The Gold Coast Suns go into the 2021 trade period with a surfeit of picks, a full primary list and so far their retirements and delistings have only cleared up four Category A rookie list spots.
As is traditional in the week immediately following the grand final, the AFL Commission will be meeting to decide the final conditions of the imminent free agency, trade and draft periods, which open with free agency on Friday, October 1. Trading begins on Monday, October 4.
The key to the Suns’ strategy will hinge on whether the AFL Commission allows them to keep their ability to access academy players outside of the draft for a third year and their priority pick at the start of second round.
Should this remain unchanged, as expected, the Gold Coast general manager of list strategy Craig Cameron and incoming general manager of football performance Wayne Campbell will be opening for business as they hold highly desirable picks and players that already have opposition clubs circling.

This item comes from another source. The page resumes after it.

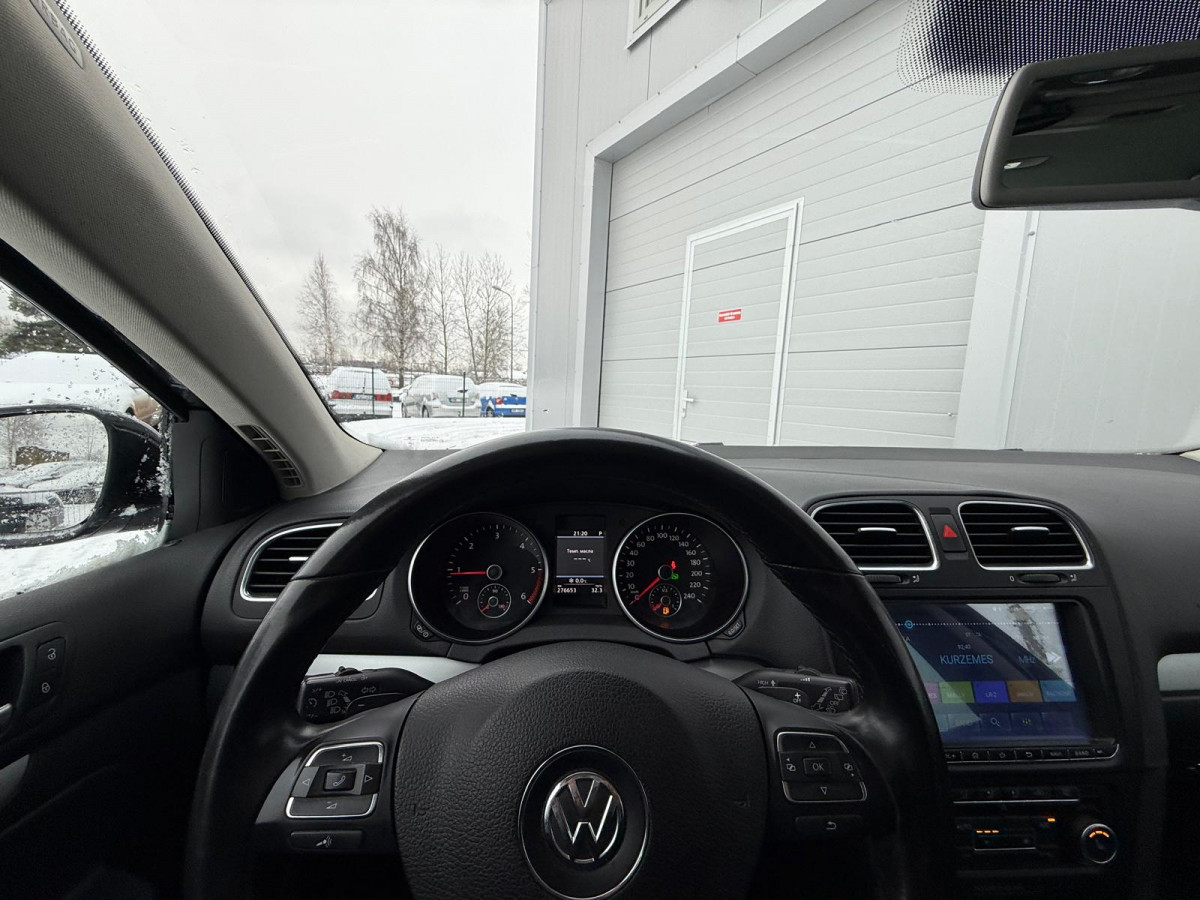 VW GOLF 1.6 TDI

List moves have been gathering pace this week, with the first delisting following four retirements announced late in the season, while the Suns’ mid-season draft pick Ned Moyle brings the total number of players to 45.
Reports indicate that the Suns have all 38 primary listed players under contract, so they will be using delisted free agency to re-rookie players in order to free up senior spots, although it remains unclear how the minimum requirement of drafting three players will apply to the Suns if they can pre-list academy rookies.
Mabior Chol’s imminent contract will require a senior spot, although rookie-listed players such as Irishman Luke Towey and project player Patrick Murtagh will likely depart after two years each on the list without playing an AFL game and having limited opportunities in the reserves.
However, it has been the candour of Craig Cameron in recent interviews that has speculation around the Suns’ pick three intensifying during the week, with Richmond and Adelaide believed to be interested in moving up the order.
As previously covered, if the Suns can pre-list academy rookies they aren’t going to use anywhere near all seven of their picks, which are currently three, 19, 22, 43, 55, 58 and 66, and may also look to trade out surplus players, further increasing their draft capital.
First-round draftees from the Rodney Eade period, Brayden Fiorini and Will Brodie, may be offered to Victorian clubs for future picks, while Jacob Townsend awaits his fate at his fourth club and veteran Rory Thompson, unseen since 2018, decides whether to continue playing after ACL reconstructions on both knees.
Ideally, the Suns enter the draft with three first-round draft picks, although some trading may need to be done on the night to get high enough up the order and it remains to be seen where any of those picks might be.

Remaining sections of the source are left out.